## YOUR GOAL
Leave out the pictures and restate the rest of the data exactly.

## SUPPLIED DATA
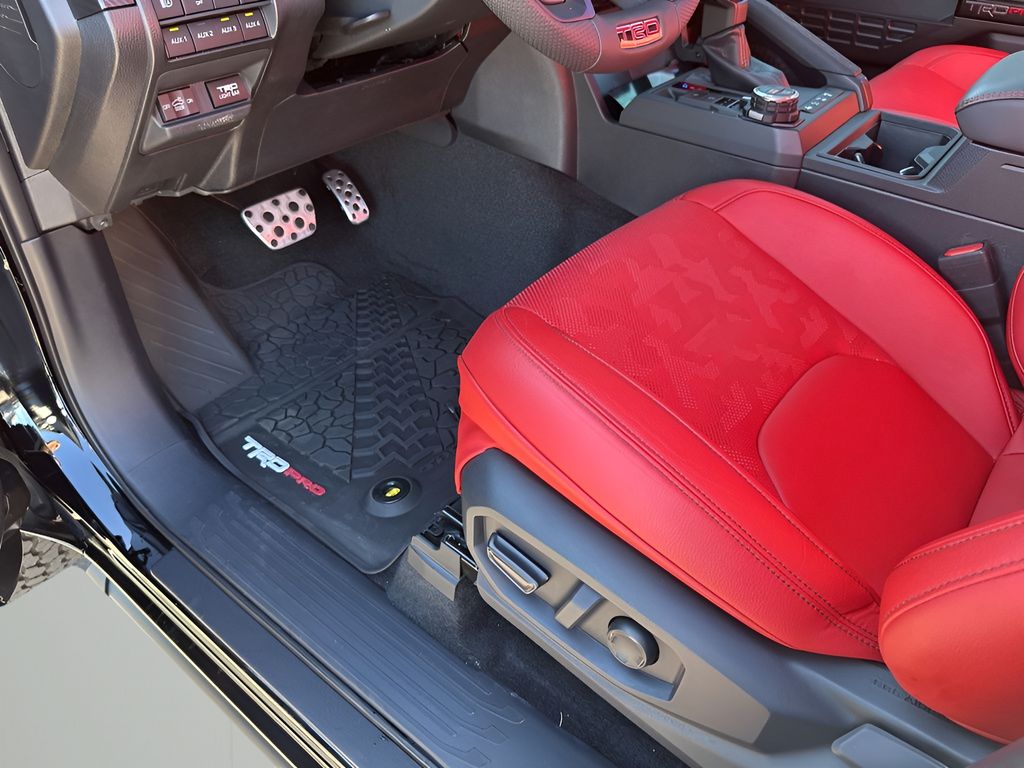 Used Car 2025 Toyota Tacoma Hybrid  For Sale Under $70,000 In Austin, Texas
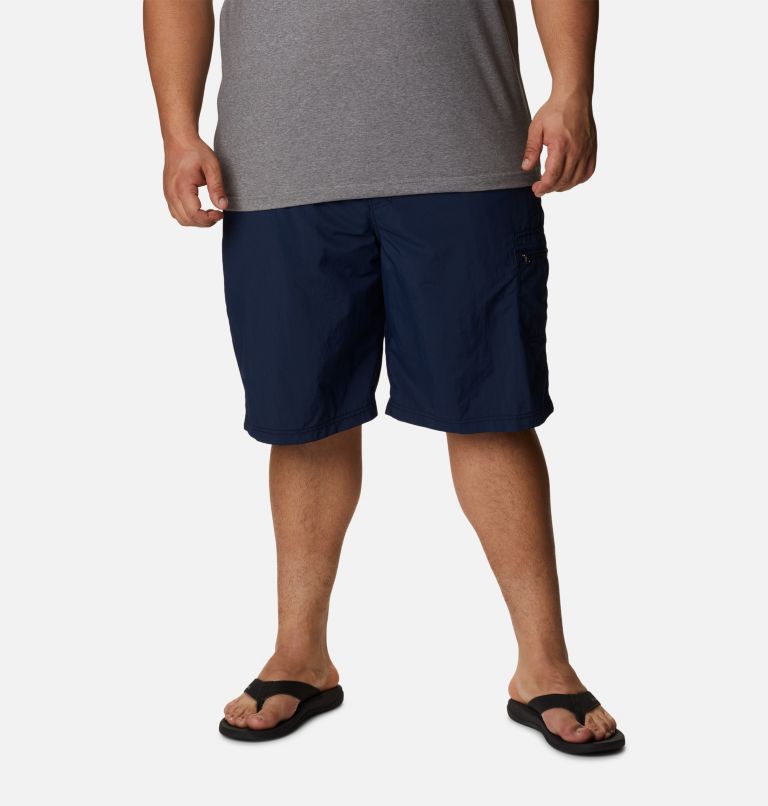 Men's Palmerston Peak Water Shorts - Big, Color: Collegiate Navy, image 1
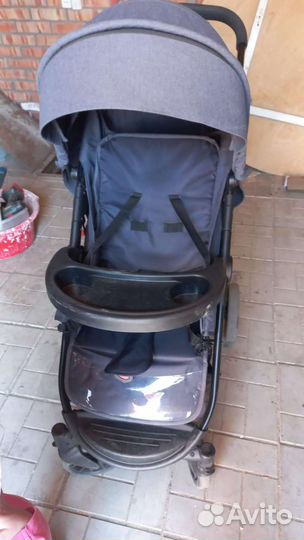 Коляска раскладная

## ANSWER BOX
 Used Car 2025 Toyota Tacoma Hybrid  For Sale Under $70,000 In Austin, Texas
 Men's Palmerston Peak Water Shorts - Big, Color: Collegiate Navy, image 1
 Коляска раскладная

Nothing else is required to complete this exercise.